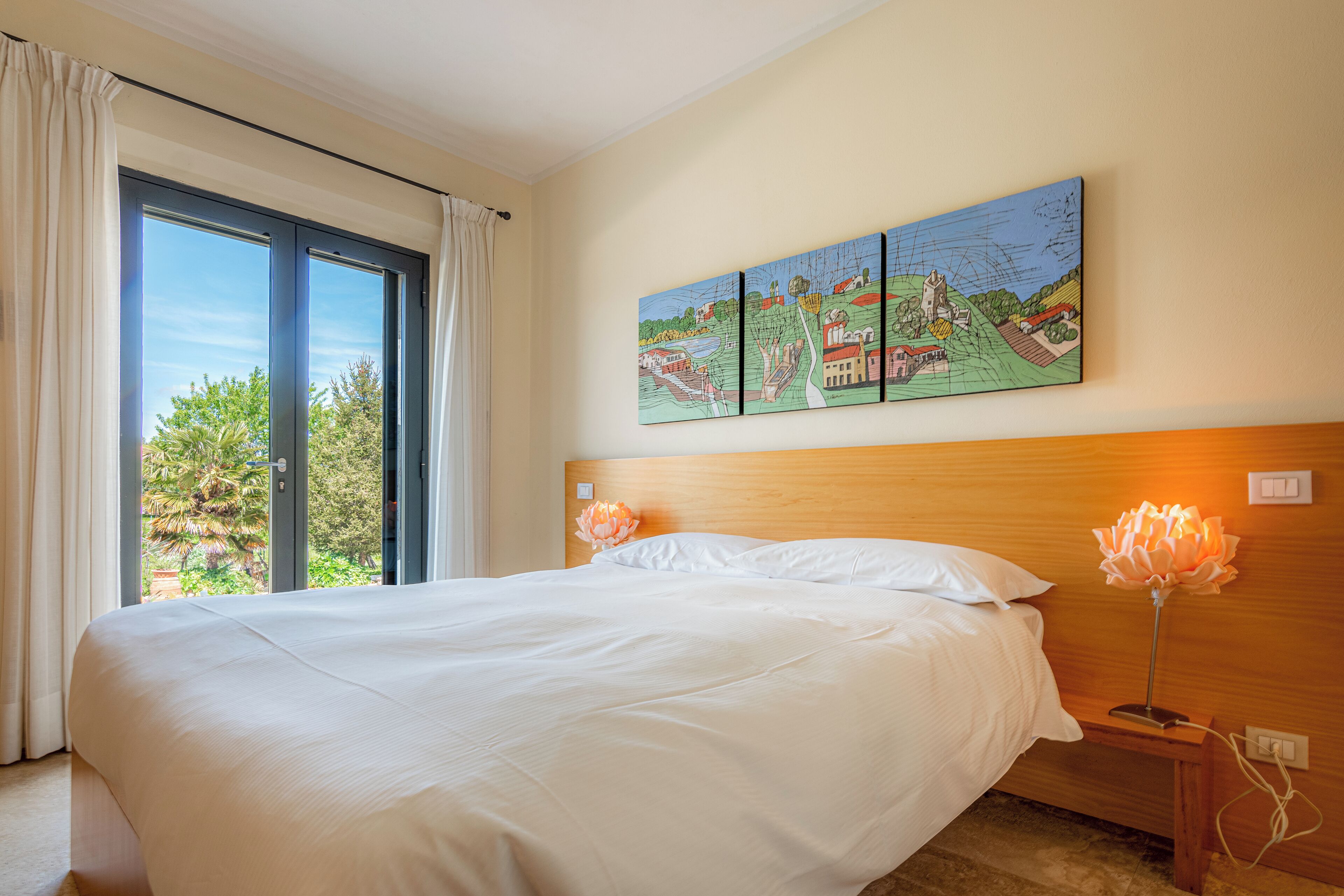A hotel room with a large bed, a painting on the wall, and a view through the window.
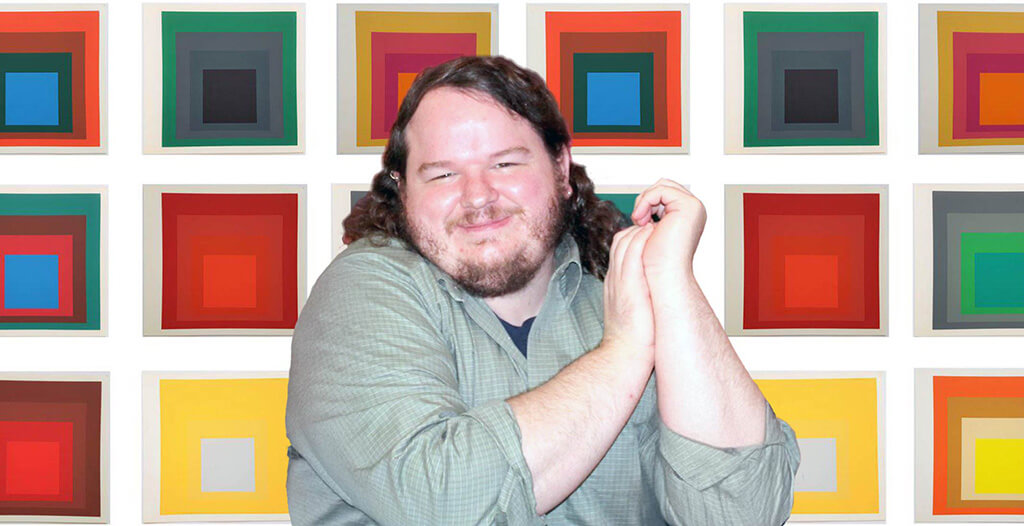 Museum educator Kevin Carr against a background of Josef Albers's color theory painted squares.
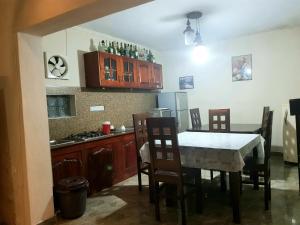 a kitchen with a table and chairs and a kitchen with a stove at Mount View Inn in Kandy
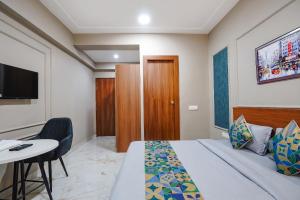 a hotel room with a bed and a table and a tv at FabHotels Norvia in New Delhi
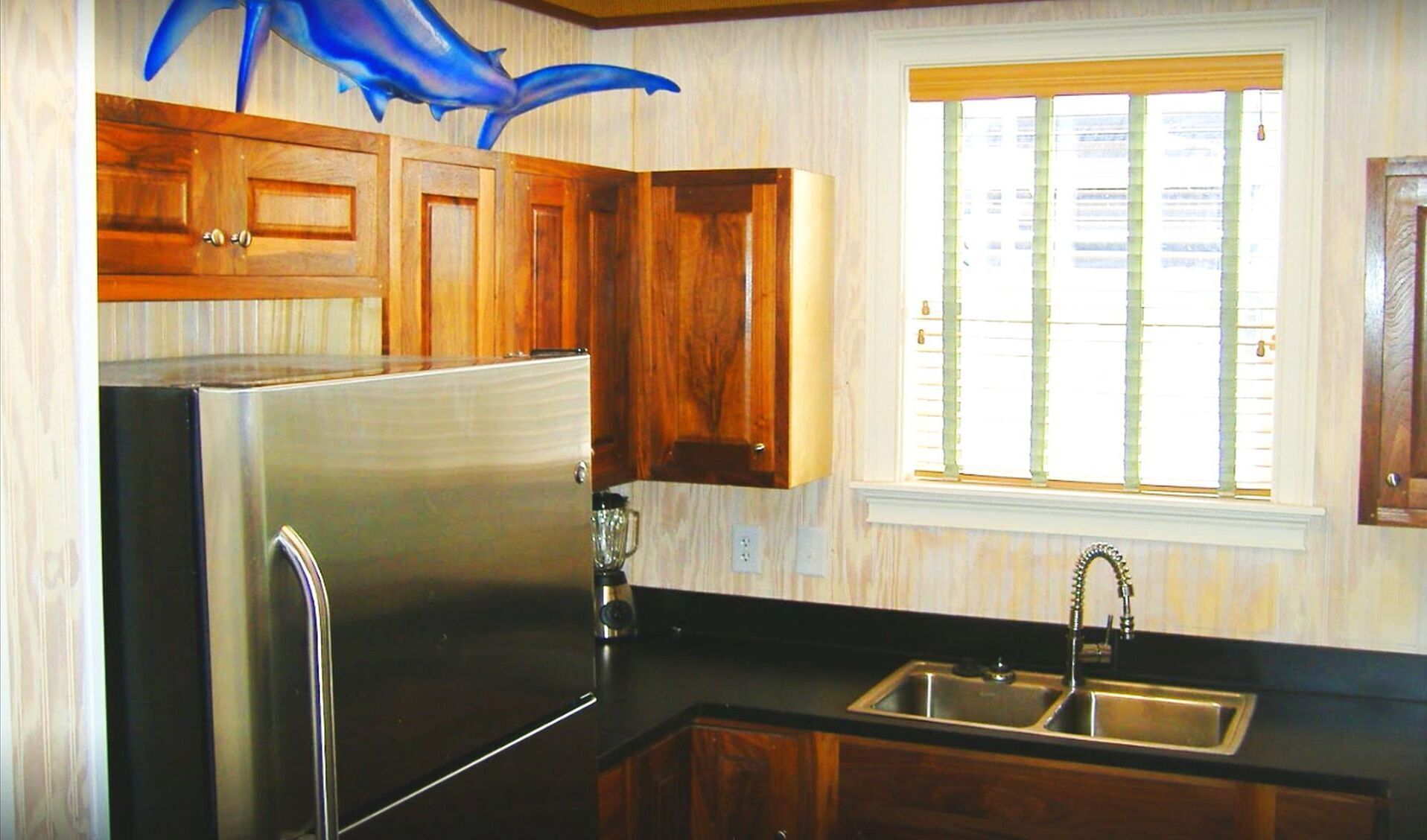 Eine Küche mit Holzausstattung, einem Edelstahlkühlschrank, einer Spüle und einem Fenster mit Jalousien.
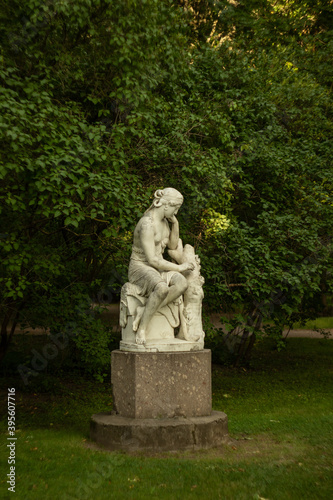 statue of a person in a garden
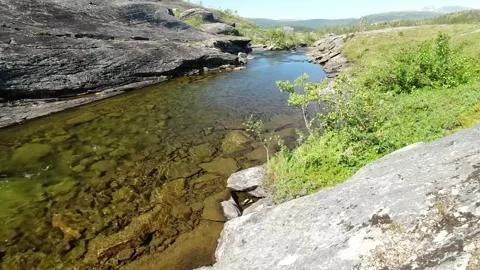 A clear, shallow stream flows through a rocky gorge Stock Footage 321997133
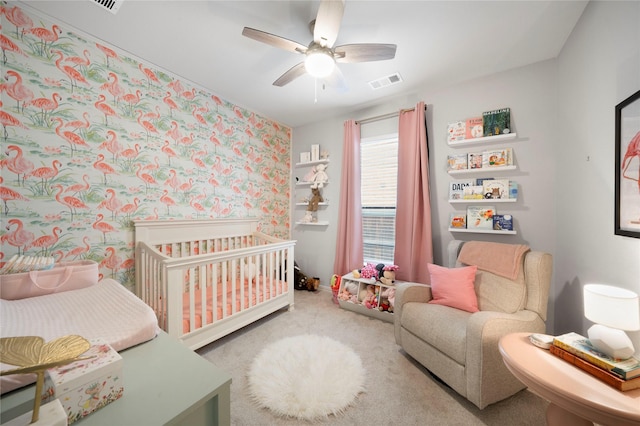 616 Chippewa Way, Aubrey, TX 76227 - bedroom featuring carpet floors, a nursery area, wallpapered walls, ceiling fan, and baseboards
+++
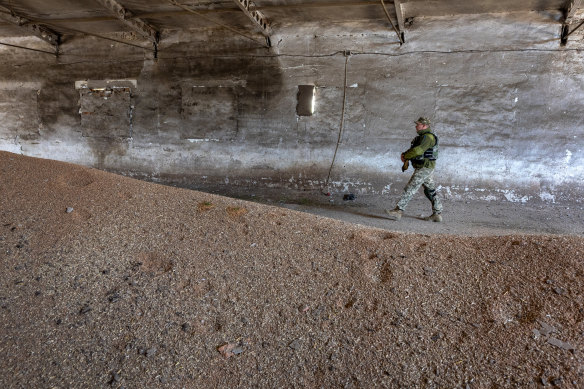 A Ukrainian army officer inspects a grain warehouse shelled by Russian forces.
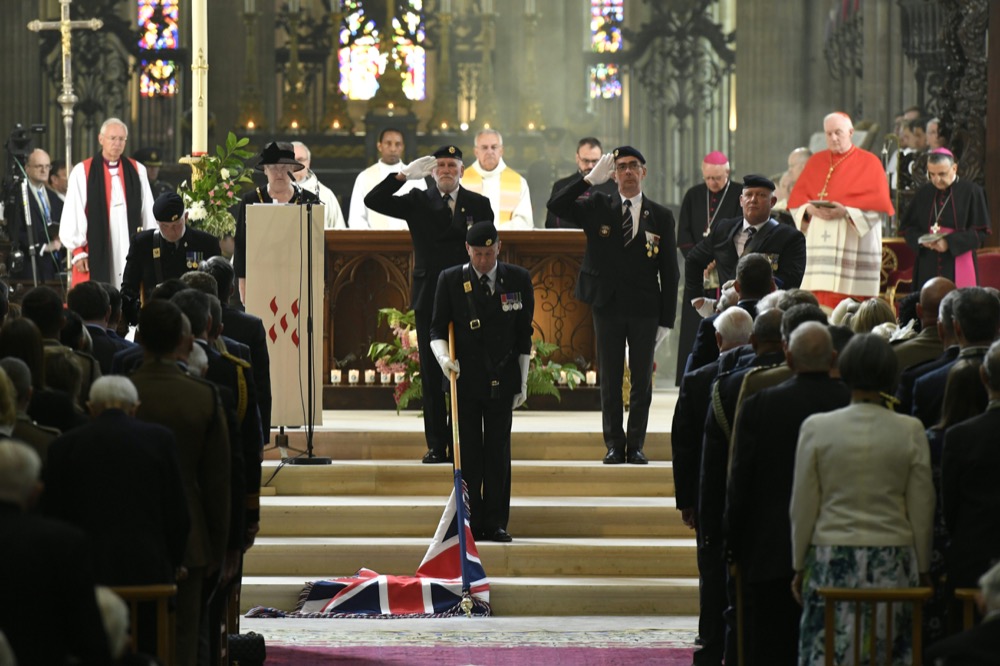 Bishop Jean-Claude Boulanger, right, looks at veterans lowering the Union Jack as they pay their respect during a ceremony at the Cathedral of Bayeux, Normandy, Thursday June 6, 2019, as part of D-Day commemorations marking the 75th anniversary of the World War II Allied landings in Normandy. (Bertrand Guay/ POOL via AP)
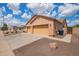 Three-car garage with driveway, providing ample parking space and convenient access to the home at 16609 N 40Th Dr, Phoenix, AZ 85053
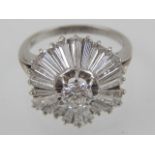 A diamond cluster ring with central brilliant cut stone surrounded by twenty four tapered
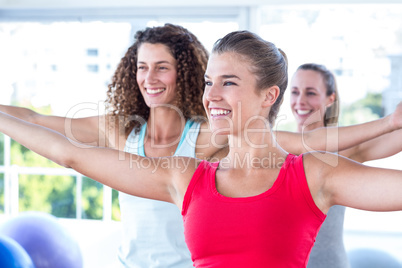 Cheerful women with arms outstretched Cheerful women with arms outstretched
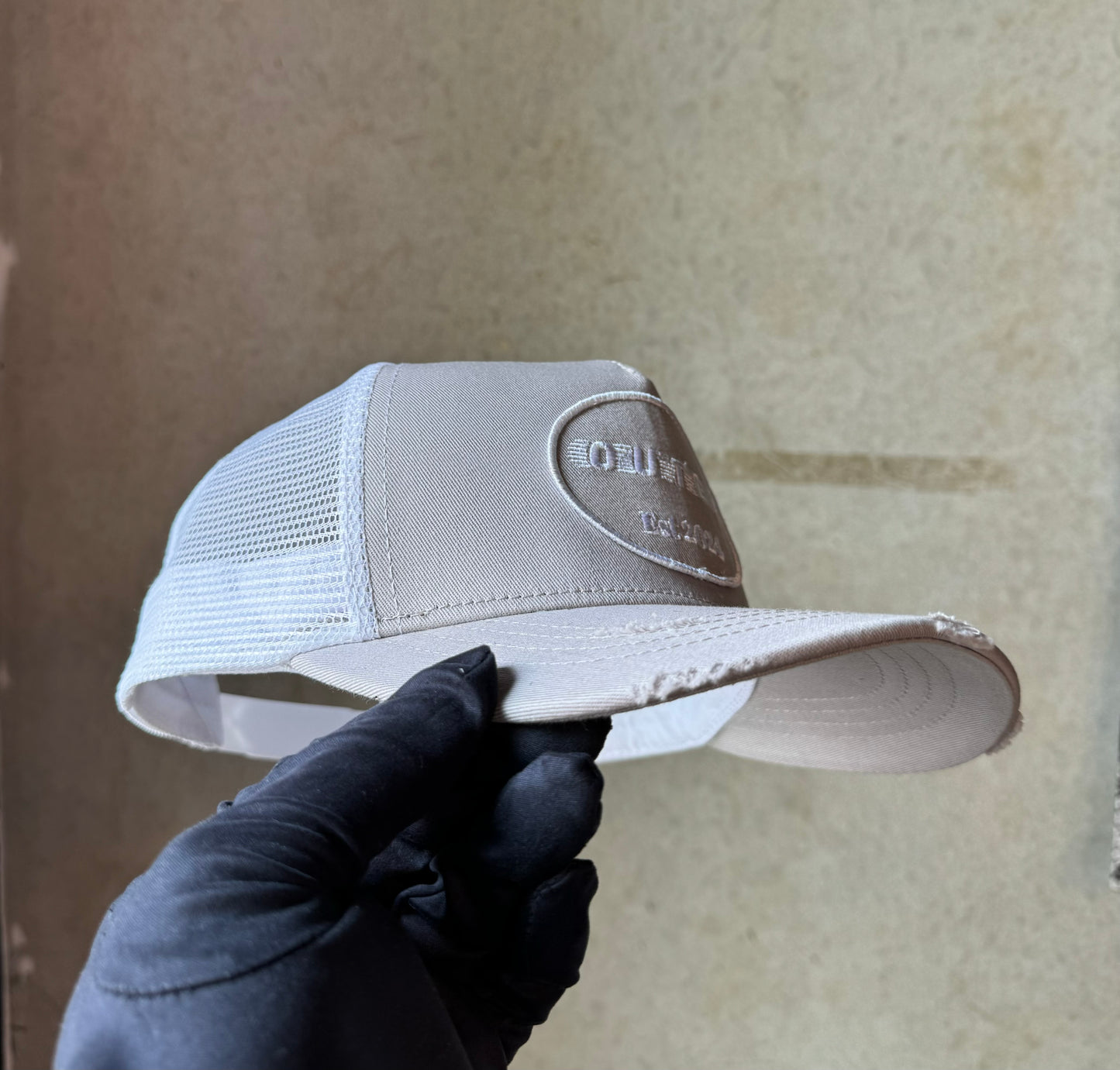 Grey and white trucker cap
+++
Going by the data above, the answer is exactly the lines from the one holding "A Ukrainian army" to the one holding "Grey and white trucker cap", both kept, with the pictures left out.

Solution:
 A Ukrainian army officer inspects a grain warehouse shelled by Russian forces.
 Bishop Jean-Claude Boulanger, right, looks at veterans lowering the Union Jack as they pay their respect during a ceremony at the Cathedral of Bayeux, Normandy, Thursday June 6, 2019, as part of D-Day commemorations marking the 75th anniversary of the World War II Allied landings in Normandy. (Bertrand Guay/ POOL via AP)
 Three-car garage with driveway, providing ample parking space and convenient access to the home at 16609 N 40Th Dr, Phoenix, AZ 85053
 A diamond cluster ring with central brilliant cut stone surrounded by twenty four tapered
 Cheerful women with arms outstretched Cheerful women with arms outstretched
 Grey and white trucker cap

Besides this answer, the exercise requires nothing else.